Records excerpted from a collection
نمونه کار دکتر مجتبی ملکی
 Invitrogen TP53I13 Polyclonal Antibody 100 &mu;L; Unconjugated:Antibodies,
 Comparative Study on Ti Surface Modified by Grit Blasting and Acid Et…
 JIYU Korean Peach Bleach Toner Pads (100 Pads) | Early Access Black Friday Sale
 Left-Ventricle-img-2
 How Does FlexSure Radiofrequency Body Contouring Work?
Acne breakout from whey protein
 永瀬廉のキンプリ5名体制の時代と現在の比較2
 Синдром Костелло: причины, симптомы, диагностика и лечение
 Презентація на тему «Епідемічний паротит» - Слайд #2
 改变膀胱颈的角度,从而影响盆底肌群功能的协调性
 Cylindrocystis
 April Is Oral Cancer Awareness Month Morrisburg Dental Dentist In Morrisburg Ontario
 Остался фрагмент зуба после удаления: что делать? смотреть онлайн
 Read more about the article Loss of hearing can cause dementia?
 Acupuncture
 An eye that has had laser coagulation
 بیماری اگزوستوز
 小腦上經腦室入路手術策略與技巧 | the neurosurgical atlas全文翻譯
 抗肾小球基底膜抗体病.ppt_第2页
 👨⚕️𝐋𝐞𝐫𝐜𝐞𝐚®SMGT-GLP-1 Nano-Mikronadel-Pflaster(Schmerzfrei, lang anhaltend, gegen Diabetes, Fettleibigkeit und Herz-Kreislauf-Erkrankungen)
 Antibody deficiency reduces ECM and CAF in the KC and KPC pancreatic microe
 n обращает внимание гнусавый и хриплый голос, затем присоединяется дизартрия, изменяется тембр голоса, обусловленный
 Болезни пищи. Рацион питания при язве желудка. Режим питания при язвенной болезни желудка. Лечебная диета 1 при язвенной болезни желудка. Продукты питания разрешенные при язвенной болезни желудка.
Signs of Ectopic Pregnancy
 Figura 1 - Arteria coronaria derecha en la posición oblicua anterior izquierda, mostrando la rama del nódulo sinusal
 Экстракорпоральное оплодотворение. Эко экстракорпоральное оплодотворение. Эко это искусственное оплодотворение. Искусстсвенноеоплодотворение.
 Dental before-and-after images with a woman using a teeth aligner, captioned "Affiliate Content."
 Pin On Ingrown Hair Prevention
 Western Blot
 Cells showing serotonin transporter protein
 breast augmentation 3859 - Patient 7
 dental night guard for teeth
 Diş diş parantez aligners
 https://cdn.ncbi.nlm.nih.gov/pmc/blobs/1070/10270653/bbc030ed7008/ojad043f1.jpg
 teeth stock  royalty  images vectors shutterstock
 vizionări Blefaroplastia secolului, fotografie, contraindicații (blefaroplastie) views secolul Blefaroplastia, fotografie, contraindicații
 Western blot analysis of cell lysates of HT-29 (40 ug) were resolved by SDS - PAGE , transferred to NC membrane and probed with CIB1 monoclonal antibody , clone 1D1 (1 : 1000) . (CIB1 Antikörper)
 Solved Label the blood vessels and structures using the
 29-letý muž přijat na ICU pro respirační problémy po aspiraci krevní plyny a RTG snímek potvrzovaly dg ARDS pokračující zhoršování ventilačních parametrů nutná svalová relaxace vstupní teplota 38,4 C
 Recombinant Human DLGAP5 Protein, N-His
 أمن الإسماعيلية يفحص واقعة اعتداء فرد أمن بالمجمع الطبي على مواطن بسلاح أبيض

- **DIRECTIONS**: If a line falls between the first line of the data above and the line holding "永瀬廉のキンプリ5名体制の時代と現在の比較2", inclusive, retype it exactly; retype no other line.

- **FINISHED TASK**:
نمونه کار دکتر مجتبی ملکی
 Invitrogen TP53I13 Polyclonal Antibody 100 &mu;L; Unconjugated:Antibodies,
 Comparative Study on Ti Surface Modified by Grit Blasting and Acid Et…
 JIYU Korean Peach Bleach Toner Pads (100 Pads) | Early Access Black Friday Sale
 Left-Ventricle-img-2
 How Does FlexSure Radiofrequency Body Contouring Work?
Acne breakout from whey protein
 永瀬廉のキンプリ5名体制の時代と現在の比較2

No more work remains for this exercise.